=== Your assignment ===
I need the lines below from the one with "Mare Seaside Heated" down to the one with "15303 WHISPERING GLEN" reproduced exactly, both ends included, and nothing else.
-- Input material follows --
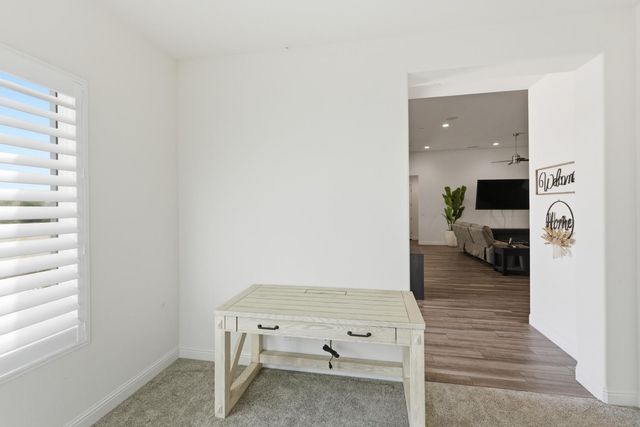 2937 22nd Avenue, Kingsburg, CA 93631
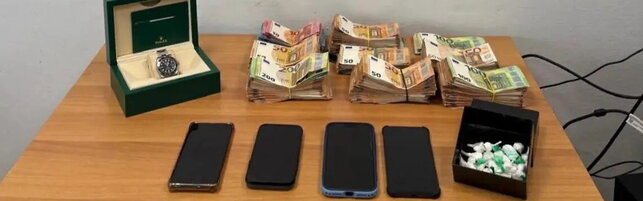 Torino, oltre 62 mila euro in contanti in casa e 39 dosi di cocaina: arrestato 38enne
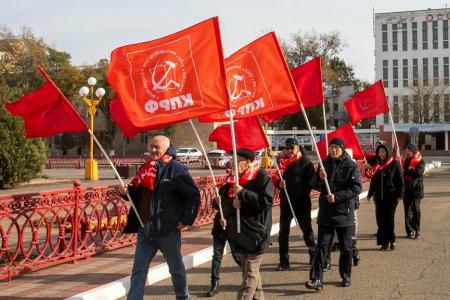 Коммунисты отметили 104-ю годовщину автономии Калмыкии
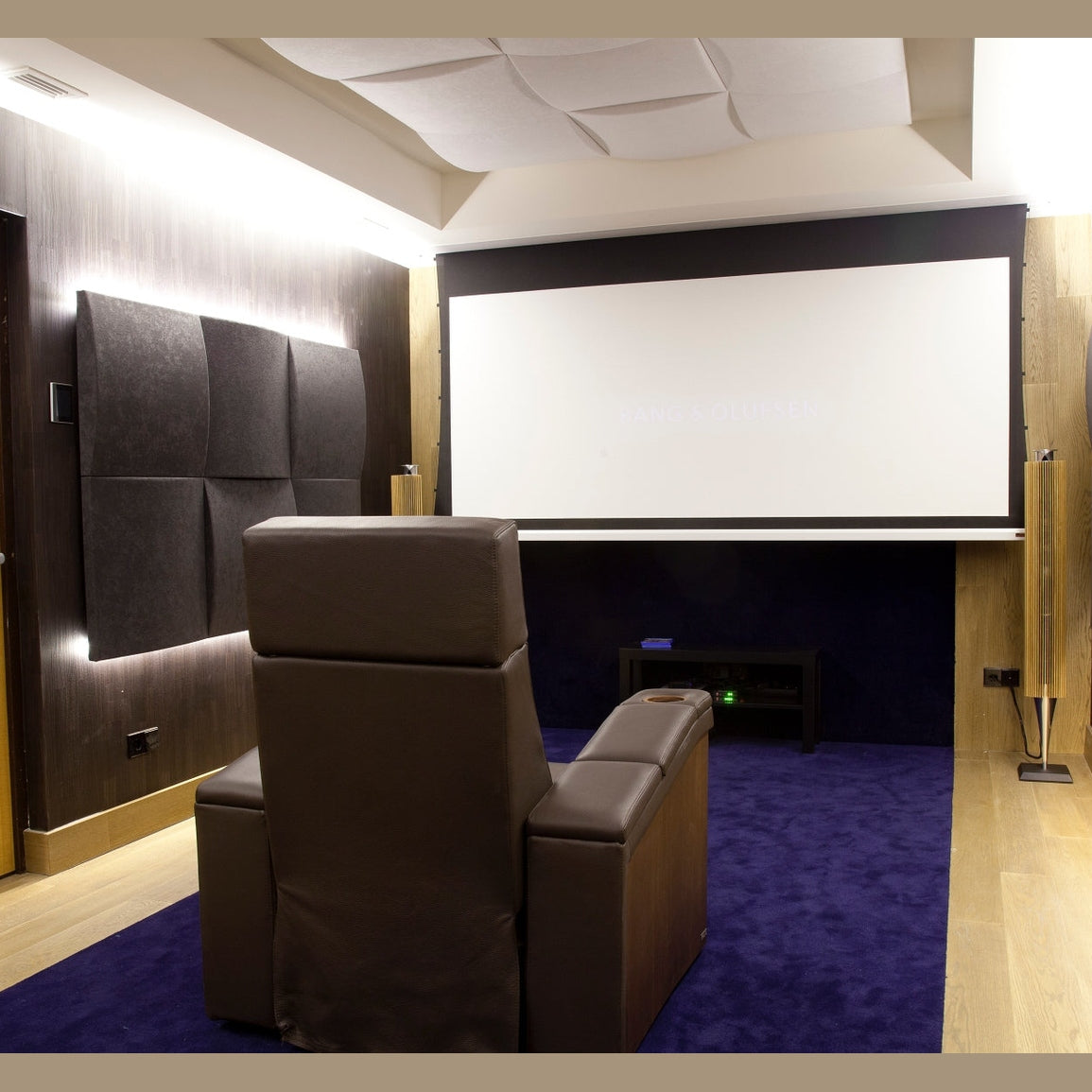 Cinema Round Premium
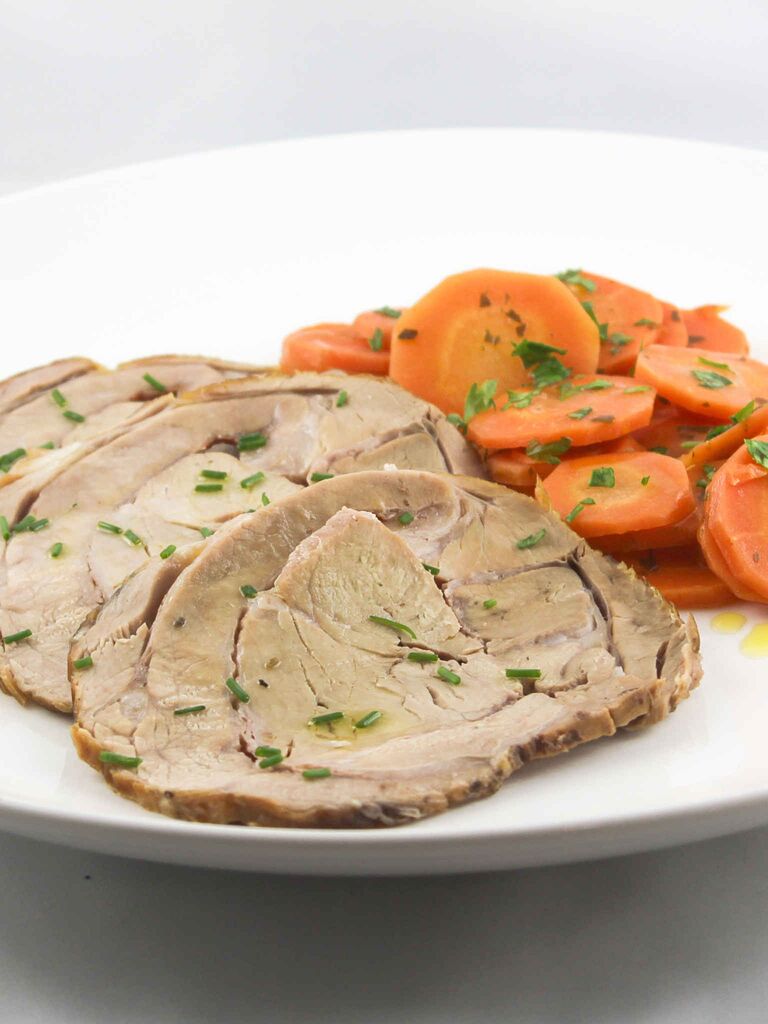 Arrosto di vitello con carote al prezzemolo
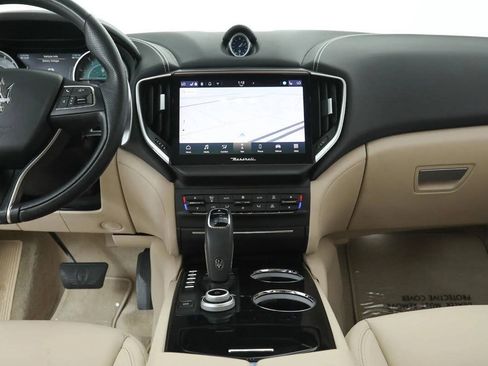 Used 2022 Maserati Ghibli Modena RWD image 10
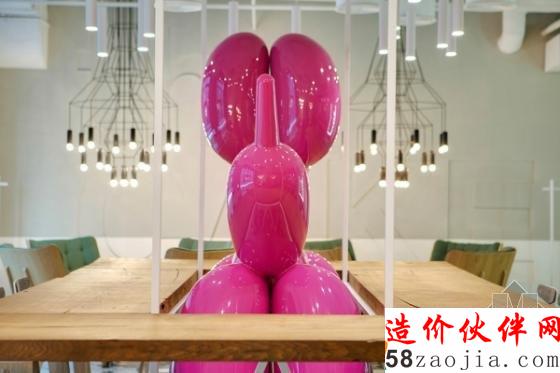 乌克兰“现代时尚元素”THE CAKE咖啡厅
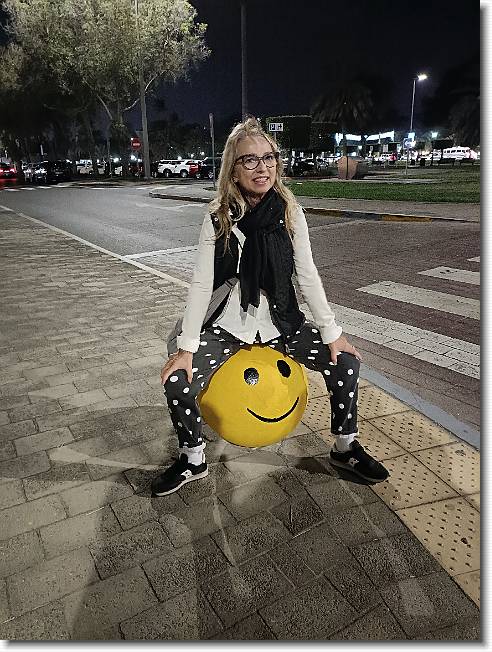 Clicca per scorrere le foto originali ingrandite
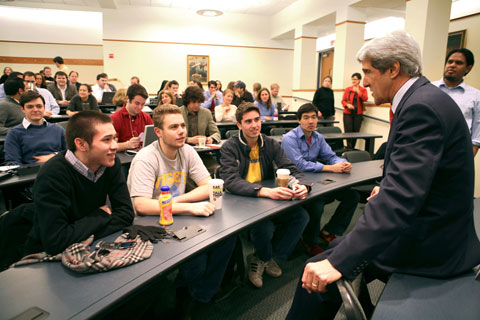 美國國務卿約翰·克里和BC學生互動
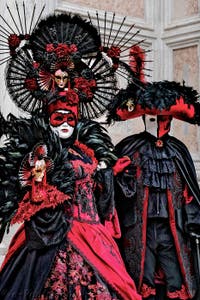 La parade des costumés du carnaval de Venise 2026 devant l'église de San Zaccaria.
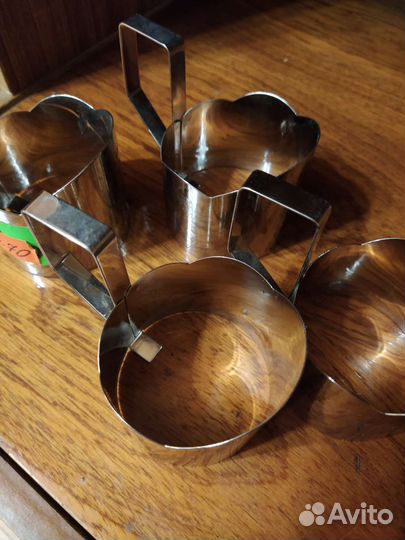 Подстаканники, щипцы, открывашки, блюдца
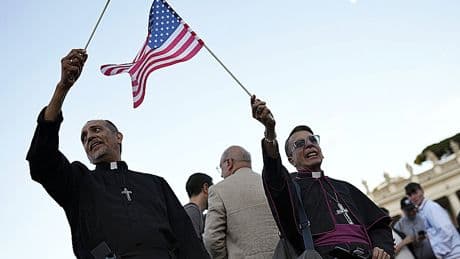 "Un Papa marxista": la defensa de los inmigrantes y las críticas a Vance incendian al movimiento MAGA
-- Input material concluded --
-- Input material follows --
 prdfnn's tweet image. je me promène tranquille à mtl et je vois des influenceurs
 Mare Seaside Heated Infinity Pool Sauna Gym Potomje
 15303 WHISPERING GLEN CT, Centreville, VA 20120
-- Input material concluded --
=== Worked solution ===
 Mare Seaside Heated Infinity Pool Sauna Gym Potomje
 15303 WHISPERING GLEN CT, Centreville, VA 20120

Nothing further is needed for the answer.